I got married the summer between my sophomore and junior years at Bethany. Two weeks before we were married, I got back from spending three weeks in Africa. I had hoped to lose a few pounds while I was there. But didn't really have any tools to do so. When I changed my maiden name to my married name on my new driver's license, I listed my weight at 175.

Ryan and I really ate healthfully. We consumed mostly whole grains, usually had only one dessert a week, would snack on chips and salsa, etc. But, I've never really been interested in eating veggies. I only do it now to set a good example for my children. However, now I look back and understand that even though I was eating healthy food, I was eating too much of it- too many calories.

I crossed the 200 mark again with my pregnancy with Grace, and seemed to only lose her birth weight over the next few months. My body needed a lot of calories to make milk, but when I started gaining weight, rather than losing it, I knew something had to change. My mom had had some weight loss success at LA Weight Loss. We decided to put down the $800 (half of which I could earn back if I met my weight loss goal) and off I went. I started in July, and had reached 150 (my goal) by January. The accountability of the program was great, as well as food journal part. Late in January, we found out that God had blessed us with another baby, due in October. I had reached my weight loss goal, and was now cocky... I lost it once... I know how to eat well... I can lose it again. I ate whatever I wanted when I was pregnant with Rose.
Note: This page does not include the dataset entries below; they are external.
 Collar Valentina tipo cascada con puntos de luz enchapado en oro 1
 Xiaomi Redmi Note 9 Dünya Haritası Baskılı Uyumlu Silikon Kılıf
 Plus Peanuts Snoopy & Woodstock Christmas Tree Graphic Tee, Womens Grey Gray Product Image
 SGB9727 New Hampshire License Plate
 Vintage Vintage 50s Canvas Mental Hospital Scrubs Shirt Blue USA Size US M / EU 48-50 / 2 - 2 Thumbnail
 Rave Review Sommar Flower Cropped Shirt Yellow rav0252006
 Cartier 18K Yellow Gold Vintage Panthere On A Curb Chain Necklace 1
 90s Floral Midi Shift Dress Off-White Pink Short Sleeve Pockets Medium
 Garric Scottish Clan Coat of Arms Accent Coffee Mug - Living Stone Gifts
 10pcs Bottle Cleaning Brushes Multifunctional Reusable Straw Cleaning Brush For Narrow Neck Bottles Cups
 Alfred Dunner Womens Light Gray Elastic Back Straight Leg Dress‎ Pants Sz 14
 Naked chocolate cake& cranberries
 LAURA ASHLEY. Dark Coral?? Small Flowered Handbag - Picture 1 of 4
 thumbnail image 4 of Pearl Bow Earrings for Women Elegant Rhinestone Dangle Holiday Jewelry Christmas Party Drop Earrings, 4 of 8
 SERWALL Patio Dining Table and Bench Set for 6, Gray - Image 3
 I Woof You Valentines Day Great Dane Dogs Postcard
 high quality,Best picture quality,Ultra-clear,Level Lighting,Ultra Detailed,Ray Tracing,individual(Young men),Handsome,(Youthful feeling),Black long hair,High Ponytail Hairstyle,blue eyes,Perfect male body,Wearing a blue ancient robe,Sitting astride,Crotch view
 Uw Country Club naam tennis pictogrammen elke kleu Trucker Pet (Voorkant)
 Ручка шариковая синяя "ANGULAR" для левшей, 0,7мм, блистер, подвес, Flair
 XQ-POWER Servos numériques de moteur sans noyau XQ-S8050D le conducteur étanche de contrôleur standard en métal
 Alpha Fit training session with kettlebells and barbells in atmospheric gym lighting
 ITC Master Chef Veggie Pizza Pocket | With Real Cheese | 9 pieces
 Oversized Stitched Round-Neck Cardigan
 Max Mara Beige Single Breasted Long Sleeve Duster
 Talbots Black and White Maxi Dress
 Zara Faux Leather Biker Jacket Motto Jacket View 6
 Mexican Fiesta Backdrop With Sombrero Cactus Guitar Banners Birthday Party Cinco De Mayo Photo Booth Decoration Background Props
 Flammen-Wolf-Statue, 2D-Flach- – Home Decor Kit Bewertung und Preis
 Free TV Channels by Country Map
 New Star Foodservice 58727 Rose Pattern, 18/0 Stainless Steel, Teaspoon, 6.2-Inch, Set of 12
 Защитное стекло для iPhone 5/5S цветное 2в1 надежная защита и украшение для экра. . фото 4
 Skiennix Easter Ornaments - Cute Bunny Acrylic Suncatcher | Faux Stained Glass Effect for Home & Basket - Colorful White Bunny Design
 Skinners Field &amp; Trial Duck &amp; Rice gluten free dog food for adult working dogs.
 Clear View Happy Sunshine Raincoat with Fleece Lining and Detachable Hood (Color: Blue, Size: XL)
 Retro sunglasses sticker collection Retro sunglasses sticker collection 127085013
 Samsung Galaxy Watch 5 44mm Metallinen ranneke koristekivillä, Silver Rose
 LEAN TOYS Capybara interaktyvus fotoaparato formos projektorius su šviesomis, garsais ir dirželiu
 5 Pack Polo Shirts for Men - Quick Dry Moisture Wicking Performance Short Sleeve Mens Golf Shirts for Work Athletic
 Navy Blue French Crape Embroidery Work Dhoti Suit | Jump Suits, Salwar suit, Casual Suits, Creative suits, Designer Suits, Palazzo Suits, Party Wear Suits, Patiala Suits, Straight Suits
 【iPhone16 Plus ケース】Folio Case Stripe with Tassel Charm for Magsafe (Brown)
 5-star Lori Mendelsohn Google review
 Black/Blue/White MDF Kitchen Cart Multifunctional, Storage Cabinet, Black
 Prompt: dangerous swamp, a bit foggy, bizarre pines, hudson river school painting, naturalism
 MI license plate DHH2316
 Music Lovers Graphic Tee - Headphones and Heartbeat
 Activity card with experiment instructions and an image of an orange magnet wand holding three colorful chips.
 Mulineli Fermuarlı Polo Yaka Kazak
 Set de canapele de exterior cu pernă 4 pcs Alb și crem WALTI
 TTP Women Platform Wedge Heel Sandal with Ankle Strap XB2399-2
I ballooned back up to 210. Now, I don't at all mind gaining weight for my babies, however, I was abusing that privilege and eating more than I needed. After Rose was born, I still had several weeks left that I had previously purchased at LA Weight Loss, and I worked my way down, a little more slowly, back to 145. I was feeling great, and had so much energy! Then, God blessed again, with baby 3! My morning sickness was bad, and so I ate to control it, and blood sugar swings. And after those were gone, during the second and third trimesters, I just kept eating. Now, Price is nearly 5 months old, and I'm still at 194 lbs. I know just thinking about losing weight won't help me lose it, but that's what I've been trying to do for about 2 months. I haven't paid to join any program because, mentally, I know most everything they could teach me. I just need the accountability and I need to start. If God sees fit to bless us with more children, I don't want this cycle to continue. I want to reach a healthy weight, and stay there (plus 30 pounds if I'm pregnant- not 60!) This blog will be my accountability for losing weight and trying to become overall healthier in general.